- **Problem requirements**
For every line below, restate it exactly and drop the images.

**** Data under study

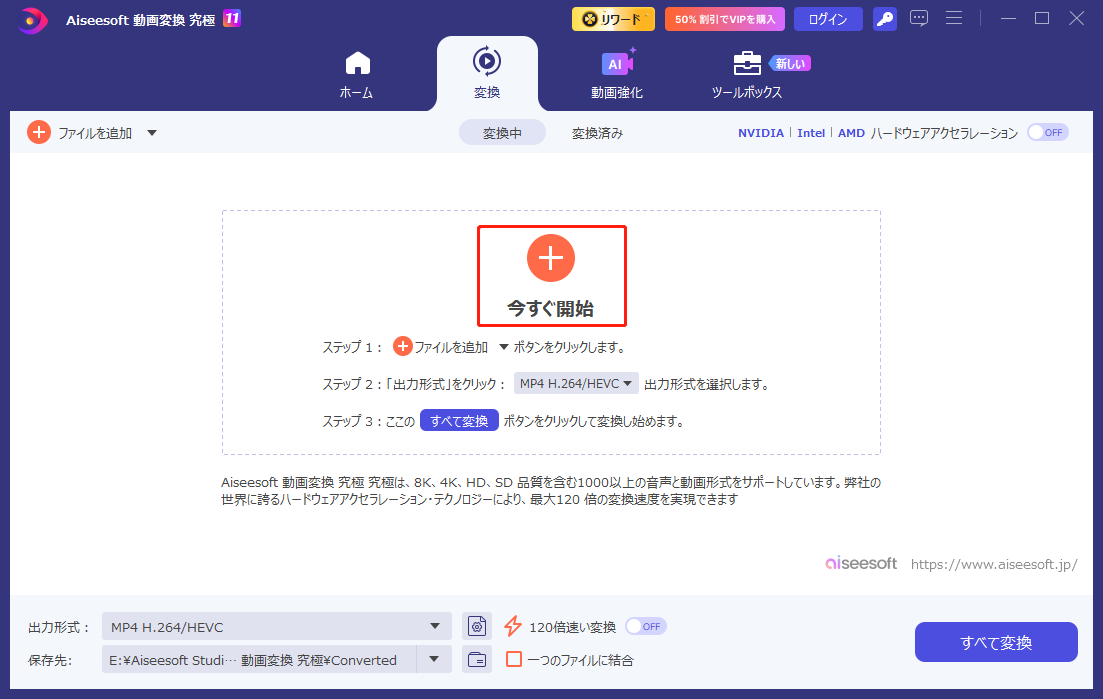 Aiseesoft 動画変換 究極で「今すぐ開始」ボタンをクリックしている様子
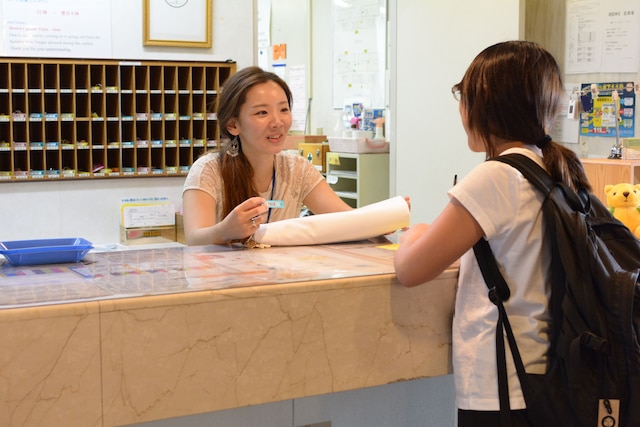 東京セントラルユースホステル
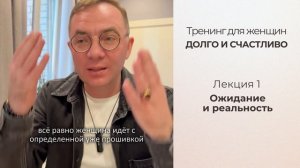 Тренинг для женщин "Долго и счастливо". Ожидание и реальность
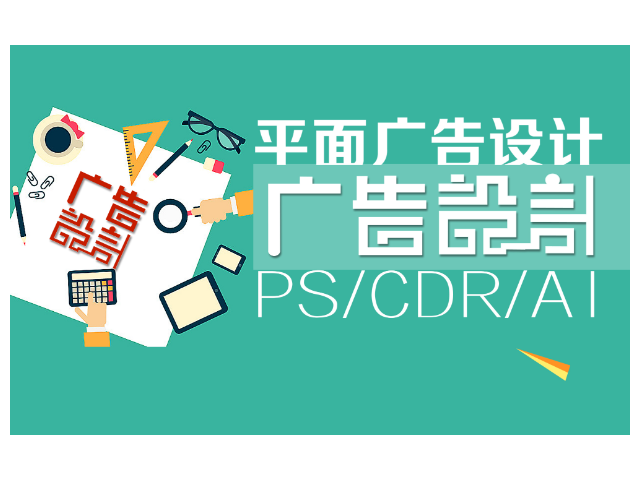 肥东标准广告设计对比价,广告设计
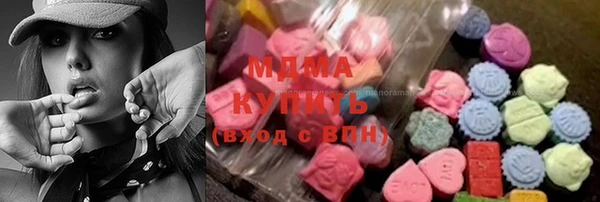 mdpv Мегион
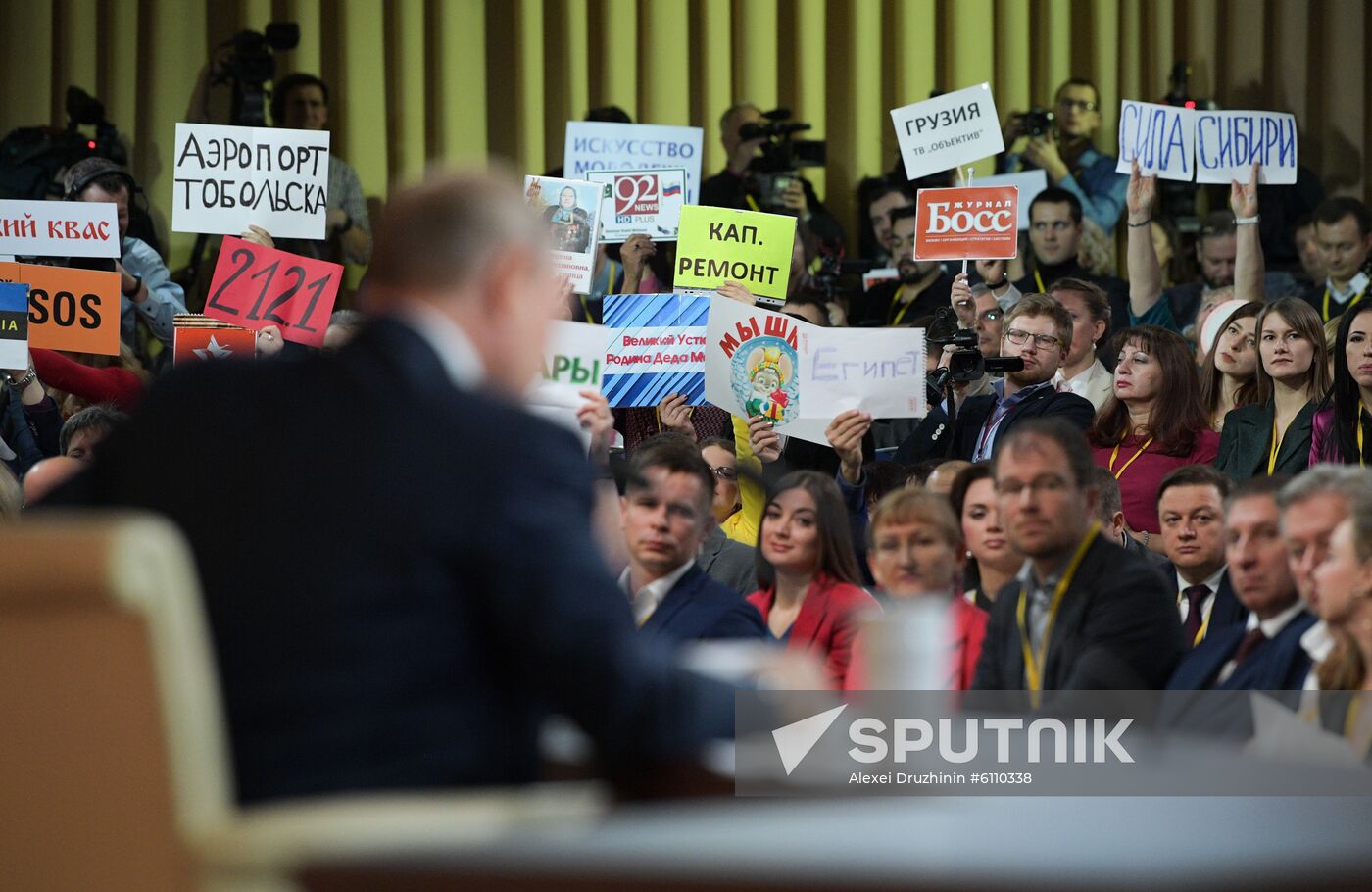 Russia Putin News Conference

********

- **Written response**
 Aiseesoft 動画変換 究極で「今すぐ開始」ボタンをクリックしている様子
 東京セントラルユースホステル
 Тренинг для женщин "Долго и счастливо". Ожидание и реальность
 肥东标准广告设计对比价,广告设计
 mdpv Мегион
 Russia Putin News Conference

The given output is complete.